Task instructions: Would you quote the material below from its first line through the line containing "Smiling female attorney", exactly and with both ends included?

Excerpted records:
= Beginning of Section =
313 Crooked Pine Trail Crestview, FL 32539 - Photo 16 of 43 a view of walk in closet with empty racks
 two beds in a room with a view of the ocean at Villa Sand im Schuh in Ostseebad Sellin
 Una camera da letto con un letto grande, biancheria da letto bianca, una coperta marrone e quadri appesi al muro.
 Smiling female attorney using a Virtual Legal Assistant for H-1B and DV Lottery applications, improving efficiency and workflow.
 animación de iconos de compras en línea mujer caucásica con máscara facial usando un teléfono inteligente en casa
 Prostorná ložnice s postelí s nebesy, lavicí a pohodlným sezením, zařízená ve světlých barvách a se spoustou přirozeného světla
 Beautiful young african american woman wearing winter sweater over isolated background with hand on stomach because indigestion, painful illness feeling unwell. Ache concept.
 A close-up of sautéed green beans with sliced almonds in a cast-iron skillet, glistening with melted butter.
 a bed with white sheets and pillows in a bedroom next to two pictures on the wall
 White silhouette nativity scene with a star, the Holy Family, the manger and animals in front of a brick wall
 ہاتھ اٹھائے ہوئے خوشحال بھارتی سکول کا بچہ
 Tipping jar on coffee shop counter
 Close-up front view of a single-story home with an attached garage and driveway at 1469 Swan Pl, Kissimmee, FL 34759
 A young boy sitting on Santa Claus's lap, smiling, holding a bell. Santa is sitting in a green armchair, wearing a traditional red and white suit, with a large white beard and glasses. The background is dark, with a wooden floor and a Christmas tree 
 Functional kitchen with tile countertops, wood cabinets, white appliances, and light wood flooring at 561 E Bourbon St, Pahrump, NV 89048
= End of Section =
Answer to this problem:
313 Crooked Pine Trail Crestview, FL 32539 - Photo 16 of 43 a view of walk in closet with empty racks
 two beds in a room with a view of the ocean at Villa Sand im Schuh in Ostseebad Sellin
 Una camera da letto con un letto grande, biancheria da letto bianca, una coperta marrone e quadri appesi al muro.
 Smiling female attorney using a Virtual Legal Assistant for H-1B and DV Lottery applications, improving efficiency and workflow.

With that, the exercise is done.